Thursday, June 04, 2009

Obama's speech


I had a chance to hear Obama's speech live this morning, but I really hadn't collected my thoughts. I still haven't, entirely, but I do have some reactions to share.

Unlike others, who chose to attack Obama's speech even before he gave it, I thought it made sense to wait to see what he was going to say, and how the speech was received.

1. He's right about both Afghanistan and Iraq. Obama points out that we had no choice but to invade Afghanistan after we were attacked without provocation or warning, and that we could, and should, have stayed out of Iraq.

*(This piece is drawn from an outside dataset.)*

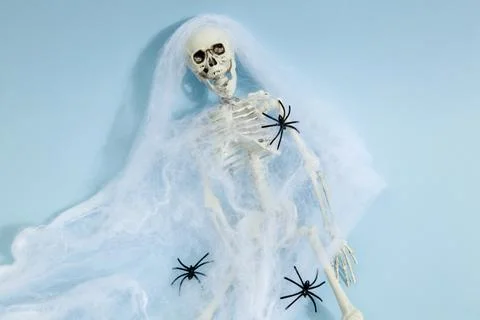 Spider skeleton Stock Photos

Events in Afghanistan have not proceeded to any plan I would have wanted, but the errors have mainly been the result of Bush's abandonment of the Afghanistan effort to invade Iraq.

2. Israel and Palestine.

Here are some key lines:

To play a role in fulfilling Palestinian aspirations, and to unify the Palestinian people, Hamas must put an end to violence, recognize past agreements, and recognize Israel's right to exist.

At the same time, Israelis must acknowledge that just as Israel's right to exist cannot be denied, neither can Palestine's. The United States does not accept the legitimacy of continued Israeli settlements.

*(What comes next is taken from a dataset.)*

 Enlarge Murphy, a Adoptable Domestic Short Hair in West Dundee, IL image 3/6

He probably spoke more strongly in favor of Palestinian rights than any American president ever has. He showed that he recognizes and deplores the suffering of the Palestinian people, and he spoke directly against the Israeli policy of settlements in the occupied territories. The Israelis don't like what he said or how he said it, but we can't go on saying we disapprove of the settlements without doing anything to change Israeli policies.

At the same time he challenged antisemitism and Holocaust denial directly. It won't convince Ahmadinejad, but he may be the one Western leader that Arabs and Palestinians in the Middle East will listen to, and they need to hear this.

3. Women's rights. I thought he was too soft on this. You can't understand "a woman who chooses to cover her hair" outside of the context of a religion that, where it has the power, sends men out in the streets with sticks to beat women who are not covering their hair, face, or entire body, and will allow girls to burn to death in a fire rather than be rescued by male firefighters. I think he was concentrating too much on making nice with the intolerant, and that is not a winning strategy.

4. It worked. That was the way it sounded to me, listening to the audience. They were very receptive and positive. News reports bear that out.

CAIRO — Muslim shopkeepers, students and even radical groups such as Hamas praised
President Barack Obama's address Thursday as a positive shift in U.S. attitude and tone. But Arabs and Muslims of all political stripes said they want him to turn his words into action — particularly in standing up to Israel.

Obama impressed Muslims with his humility and respect and they were thrilled by his citing of Quranic verses. Aiming to repair ties with the Muslim world that had been strained under his predecessor George W. Bush, he opened with the traditional Arabic greeting "Assalamu Aleikum," which drew enthusiastic applause from his audience at Cairo University.

He opened with Assalamu Aleikum, and instead of the anoyingly ubiquitous "God bless you and god bless the United States", he closed with "peace be upon you." Contrast that with Bush talking about engaging in a Crusade. Talking in the language your audience will relate to helps.

This is only the first step in a very long journey. I don't kid myself that this solves everything, or even changes everything, but people will listen to him who would never listen to Bush or any American. This is something that McCain never could have carried off.